“I’ll be outside,” he calls to March.

“That was a stupid suggestion of mine,” March says later when she comes out to the porch. “You must be upset when you come here. You must think of your mother.”

“I’m fine.” Something has caught in Hank’s throat, and he coughs. “But if it’s all right with you, I think I’ll stay here for a while and help Mr. Helm.”

“Sure,” March says, and she pats his shoulder when she walks by.

She feels sorry for him, Hank saw it in her face. Well, pity is meaningless, that’s what Hank’s been taught. It’s what you do that counts, Hollis has always said, and in Hank’s experience, Hollis is right. He remembers perfectly well the day Hollis came for him. They were living down in the Marshes and it was freezing cold; there was ice in Hank’s hair. His father had passed out and the fire in the coal stove had died; there was nothing but embers. He remembers how light spilled into the room when Hollis opened the door. Hank’s father was on the floor, and Hollis rolled Alan’s limp body over with his foot, then bent down to peer into his face. Hank was not yet five, but he already knew it did no good to complain; hunger and cold were the facts of his life, so he didn’t say a word. He remembers, though, the look on Hollis’s face, the absolute certainty there. How curious a man of conviction had seemed to Hank, how rare.

“Get what you want to take with you,” Hollis had said. “Hurry up.”

Because of Hollis’s tone, because of the way he was standing there—and how tall he seemed and how completely confident—Hank never thought to question him. He got the stuffed bear the ladies from the library had given him on Christmas, and his wool sweater, and he didn’t look back when Hollis closed the door. But now, for the first time, Hank has questions; it’s what he’s been instructed to do that’s the problem. He’s supposed to keep an eye on March: If she goes somewhere, he’s to tag along, as he did today. If he sees her setting out mail for the postman, he’s to grab it and hand it over to Hollis. When he raised the issue of March’s privacy with Hollis, Hollis laughed out loud.

“You really think there’s such a thing as privacy?” Hollis had said. “That’s just some bullshit they hand out to keep people in line. If you love someone, you do what you have to.

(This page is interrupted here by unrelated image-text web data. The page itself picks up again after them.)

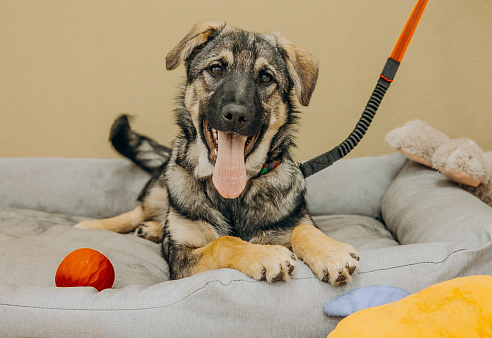 Щенки бесплатно в Москве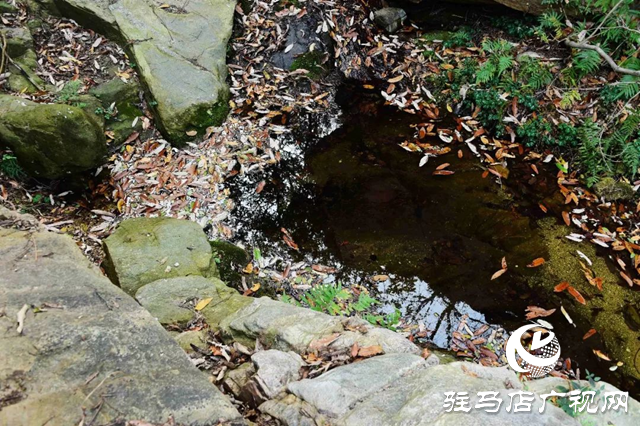泌陽(yáng)老鷹山：四季美如油畫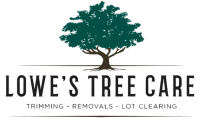 Lowes Tree Care Service LLC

You don’t think about what other people might say.”

Well, Hank has done as Hollis asked, he has March’s letters in his jacket pocket right now, secured when she went to say goodbye to Gwen. He’s done what he’s supposed to do, and when he hands the letters over Hollis will pat him on the back. Usually that’s enough for Hank—just the tiniest bit of appreciation, a nod to a job well done. But this time is different. What Hank has done in stealing March’s letters is wrong, that’s the way he sees it. And the most awful thing is, once he’s begun to question Hollis’s motives on this, he has other questions as well, especially concerning Belinda.

“She was driving me crazy,” Hollis used to explain, whenever he and Belinda would fight. “Some people have to be taught a lesson,” he’d tell Hank. “You’ll understand when you’re older, when you’ve had to settle for what you never wanted in the first place.”

Now, when Hank thinks about the way Belinda looked after they’d had a fight, he feels sick. He thinks about the sounds he thought he’d only dreamed when he first came to live with them. Frankly, he doesn’t like the conclusions he’s reached.

March calls out a goodbye to Ken and drives off, leaving Hank to help. Mostly, Ken needs the branches he cuts down to be sawed into pieces, then thrown into the bed of his truck, a job Hank is glad to do, since the work is almost hard enough to keep him from thinking.

“Good job, kid,” Ken Helm says when they’re done for the day. Ken will be back in the morning, to finish the job. “I guess I have to give you a percentage after I bill Hollis. Maybe I should charge him double.”

Hank laughs. “It’s okay.” All the same, he’s grateful when Ken Helm slips him a twenty. When all the dead wood has been toted away, they both shield their eyes and look upward.

“ ‘Do not store up treasures for yourselves on earth, but store them in heaven, where neither moth nor woodworms destroy them, and thieves cannot break in and steal. For where your treasure is, there will your heart also be.’ ”

“That sounds like good advice,” Hank says.

“It is.” Ken nods. “Matthew 6:19. I didn’t want to say anything to March, but that nest is going to have to go.”